Although Texas Rule of Criminal Evidence 508 affords the State the privilege of not revealing the identity of a confidential source, paragraph (c) of Rule 508 provides three exceptions. The privilege does not apply (1) if the informant's identity at some point has been voluntarily disclosed, (2) if the informant may be able to give testimony necessary to a fair determination of guilt, or (3) if the judge is not satisfied that information obtained from an informant is reasonably believed to be reliable. Tex.R.Crim. Evid. 508(c). The second exception to the confidential informant privilege is implicated here.
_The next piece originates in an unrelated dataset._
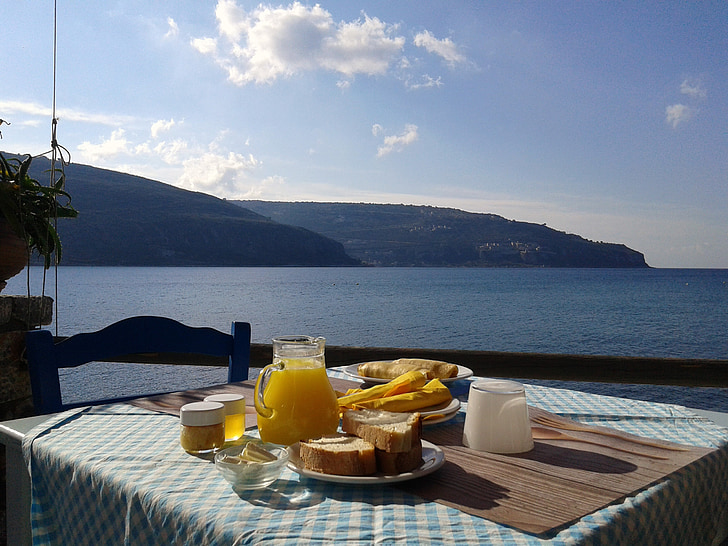 Raňajky, more, jedlo, zdravé, pomarančový džús, Grécko, Ostrov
The second exception requires there be a reasonable probability that the informant can give testimony necessary to a fair determination of the issues of guilt or innocence. TEX.R.CRIM.EVID. 508(c)(2); Anderson v. State, 817 S.W.2d 69, 71 (Tex. Crim.App.1991); Bodin v. State, 807 S.W.2d 313, 317-18 (Tex.Crim.App.1991). The defendant has the threshold burden of demonstrating the identity of the informant must be disclosed. Bodin, 807 S.W.2d at 318. The defendant must demonstrate the informant's potential testimony would significantly aid the defendant and mere conjecture or supposition about possible relevancy is insufficient. Id. Further, the defendant is required to make only a plausible showing of how the informer's information may be important since the defendant may not actually know the nature of the informer's testimony. Id; see also Anderson, 817 S.W.2d at 71. Evidence from any source may be presented to make the required plausible showing that the informer's identity must be disclosed. Bodin, 807 S.W.2d at 318. Only after the defendant makes such a plausible showing, is the trial court required to hold an in camera hearing to determine whether disclosure is necessary. Brokenberry v. State, 853 S.W.2d 145, 148 (Tex.App.—Houston [14th Dist.] 1993, pet. ref'd); Mills v. State, 847 S.W.2d 453, 457 (Tex.App.—Eastland 1993, pet. ref'd); Smith v. State, 781 S.W.2d 418, 421 (Tex.App.—Houston [1st Dist.] 1989, no pet.).

In the case at bar, at the pre-trial suppression hearing, the State indicated the informant saw two men soliciting buyers for the liquor. Appellant argued the informer's testimony was material and necessary to aid his defense against the felony theft charge, for the sole reason that the informant could testify as to whether appellant was trying to sell the liquor. Appellant's argument is off point.

Appellant was not charged with selling liquor; rather, he was charged with felony *920 theft of the liquor. Appellant presented no evidence whatsoever that the informant was present or participated in the act of which appellant was charged—the theft. Here, the issue of whether appellant was attempting to sell the liquor has no bearing on the felony theft for which appellant was charged. Thus, the informant's potential testimony concerning who was attempting to sell the liquor would not have shed any light in determining whether appellant was guilty of committing theft. We hold the appellant failed to meet his burden of demonstrating that the identity of the informant must be disclosed. Thus, the trial court was not required to conduct an in camera hearing for purposes of determining whether it should reveal the informant's identity. We overrule appellant's first point of error.

Accordingly, we AFFIRM the judgment of the trial court.